7. The method recited in claim 5, wherein the material from which said chamber cover is manufactured is flexible so as to be able to bend in response to the pressurization of said tire pressure sensor storage unit.

8. The method recited in claim 5, including the additional step of locating a cover support over said chamber cover to prevent said chamber cover from expanding so as to explode in response to the pressurization of said tire pressure sensor storage unit.

9. The method recited in claim 8, including the additional step of forming an open window through said cover support so that the signal transmitted by said tire pressure sensor is transmitted to the computer through said chamber cover and the open window of said cover support located over said chamber cover.

10. The method recited in claim 5, including the additional steps of positioning a gas supply valve through said chamber cover and said cover support located over said chamber cover so that said valve communicates with the storage chamber of said tire pressure sensor storage unit; and supplying a gas to said storage chamber by way of said valve to pressurize said storage unit and said tire pressure sensor located therewithin.

11. A tire pressure sensor storage unit for storing at least one tire pressure sensor that has been removed from a wheel which carries a tire, said tire pressure sensor adapted to sense the pressure to which the tire is inflated and transmit a signal to a computer which is indicative of the tire pressure sensed prior to the removal of said sensor from the wheel, said storage unit comprising a storage chamber in which to receive said tire pressure sensor and means by which to pressurize said storage unit so that said tire pressure sensor within said storage chamber is held under a pressure greater than ambient pressure.

12. The tire pressure sensor storage unit recited in claim 11, wherein said storage unit is sealed from the atmosphere to prevent a loss of the pressure to which said storage unit has been pressurized and under which said tire pressure sensor is held.

13. The tire pressure sensor storage unit recited in claim 11, further comprising a chamber cover covering the storage chamber of said storage unit and said tire pressure sensor received therein, said chamber cover being manufactured from a material that is adapted to permit the signal transmitted by the pressure sensor received in said storage chamber to be received by the computer through said chamber cover.

14. The tire pressure sensor storage unit recited in claim 13, wherein the material from which said chamber cover is manufactured is optically transparent to enable the tire pressure sensor received within the storage chamber to be seen through said chamber cover.

15. The tire pressure sensor storage unit recited in claim 14, wherein the optically-transparent material from which said chamber cover is manufactured is flexible so as to be able to bend in response to the pressurization of said storage unit.
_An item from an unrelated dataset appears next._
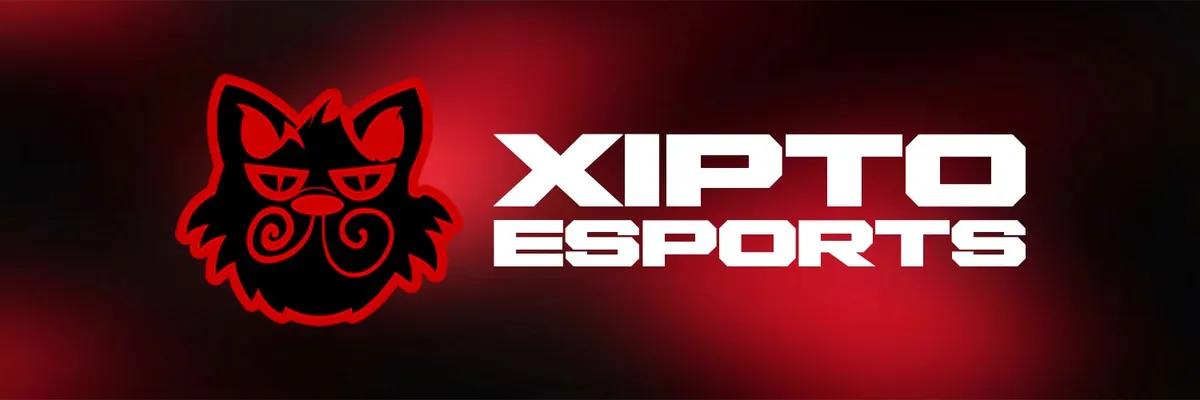 Xipto Esports объявляет о первом составе по Dota 2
16. The tire pressure sensor storage unit recited in claim 15, wherein the optically-transparent and flexible material from which said chamber cover is manufactured is Plexiglass.

17. The tire pressure sensor storage unit recited in claim 13, further comprising a cover support mounted over said chamber cover to prevent said chamber cover from expanding so as to explode in response to the pressurization of said storage unit.
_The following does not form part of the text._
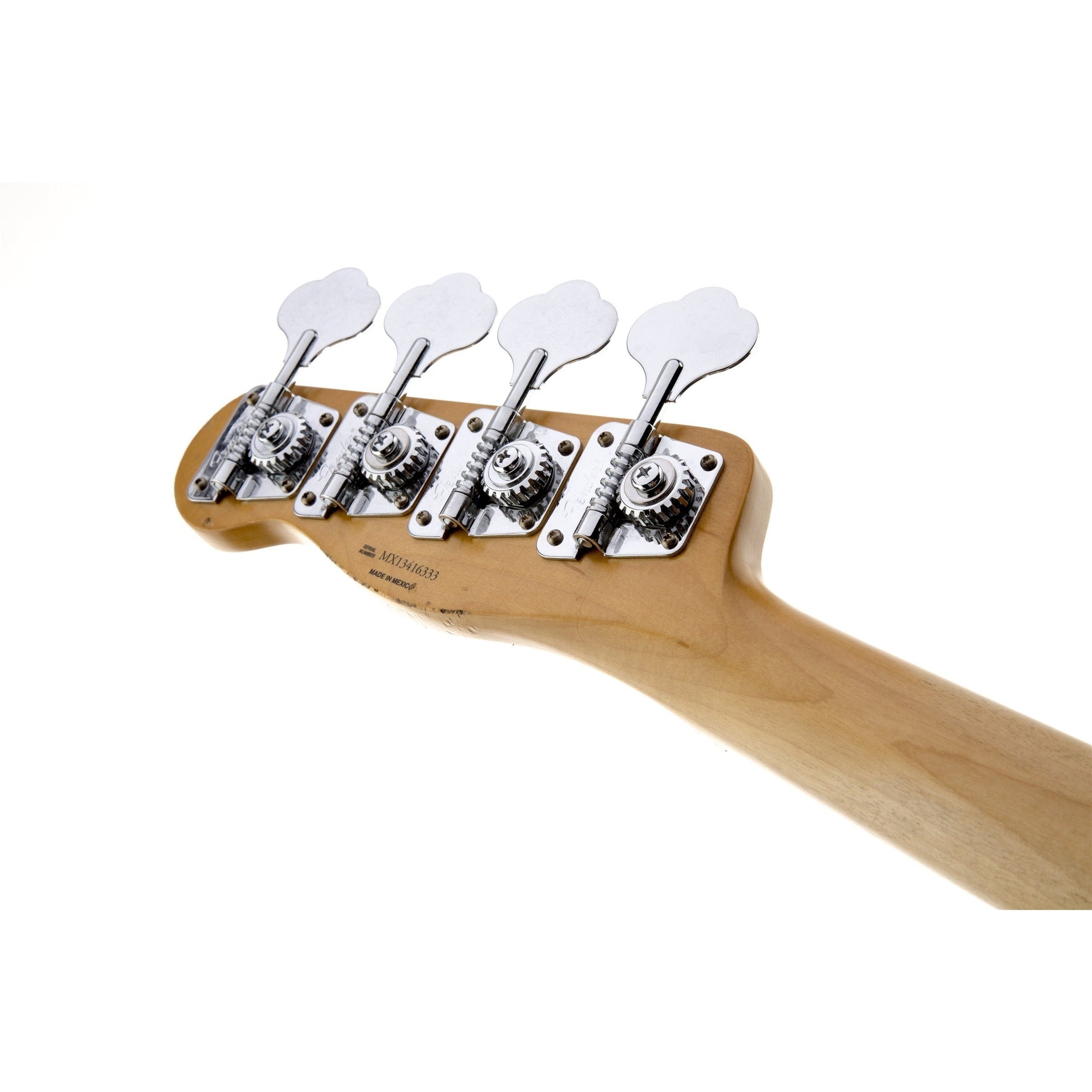 Đàn Guitar Bass 4-dây Fender Mike Dirnt Road Worn Precision Bass-Mai Nguyên Music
18. The tire pressure sensor storage unit recited in claim 17, wherein said cover support has an open window fanned therethrough so that the signal transmitted by said tire pressure sensor received within said storage chamber is transmitted through said chamber cover to the computer and the open window of said cover support mounted over said chamber cover.

19. The tire pressure sensor storage unit recited in claim 17, further comprising a gas supply valve extending through said chamber cover and said cover support mounted thereover so that said valve communicates with the storage chamber of said storage unit for supplying a gas to said storage chamber to thereby pressurize said storage unit and said tire pressure sensor received therewithin.

20. The tire pressure sensor storage unit recited in claim 17, further comprising fasteners detachably connected to said cover support, said chamber cover, and said storage chamber so that said chamber cover is sandwiched between said cover support and said storage chamber.